Additional Book Information
Series: New York Review Books
Publication Date: February 9, 2021
Fragments of an Infinite MemoryMy Life with the Internet
by Maël Renouard, translated from the French by Peter Behrman de Sinéty
“One day, as I was daydreaming on the boulevard Beaumarchais, I had the idea—it came and went in a flash, almost in spite of myself—of Googling to find out what I’d been up to and where I’d been two evenings before, at five o’clock, since I couldn’t remember on my own.” So begins Maël Renouard’s Fragments of an Infinite Memory, a provocative and elegant inquiry into life in a wireless world. Renouard is old enough to remember life before the internet but young enough to have fully accommodated his life to the internet and the gadgets that support it. Here this young philosopher, novelist, and translator tries out a series of conjectures on how human experience, especially the sense of self, is being changed by our continual engagement with a memory that is impersonal and effectively boundless. Renouard has written a book that is rigorously impressionistic, deeply informed historically and culturally, but is also playful, ironic, personal, and formally adventurous, a book that withstands comparison to the best of Roland Barthes and Jean Baudrillard.
Using films, books, and personal experiences as touchstones, Renouard offers a thoughtful consideration not of the internet’s properties or even its possibilities but how its very presence changes us as human beings. A pleasing metaphysical ramble through the nexus of self, emotion, memory, and experience in the digital age.
Fragments of an Infinite Memory, translated beautifully from the French by Peter Behrman de Sinéty, is a meditation on the many ways that the internet has changed how we register, remember, and forget the past. . . This is not a how-to manual or a guide to overcoming internet addiction, nor is it a nostalgic paean to the analog days before the information superhighway.

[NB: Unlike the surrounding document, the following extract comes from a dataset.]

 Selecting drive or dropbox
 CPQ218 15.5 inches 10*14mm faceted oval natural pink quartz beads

No, Renouard’s book is something that we don’t see enough of—a clear-eyed and not particularly sentimental look at the role played by the internet in our intellectual lives.

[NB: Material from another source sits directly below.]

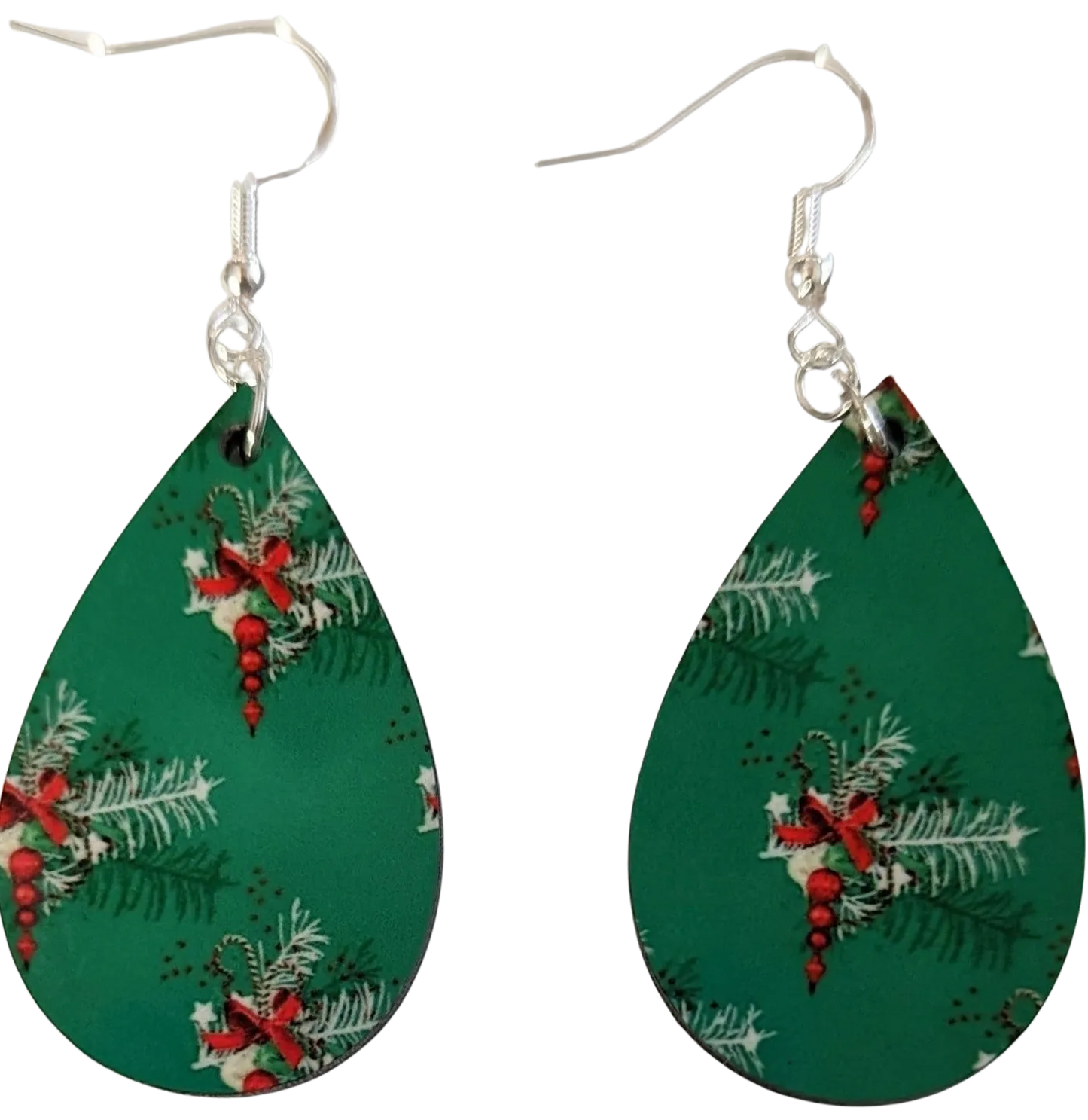 Earrings - Double sided sublimated red ornaments and green background image on silver hook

—Kate Prengel, Words Without Borders
Maël Renouard turns cultural theory on its head: in his brave new world, it is the internet that meditates on Proust, not the other way round.
Maël Renouard’s zigzagging essay in search of time lost, time wasted—the time lost and wasted in the virtual world of the internet—is elegant, brilliant, and urgent.
Maël Renouard takes us on a conceptual adventure, meditating on what remains and what is forgotten and observing the progressive annexation of our interiority by the external and infinite memory that is the internet.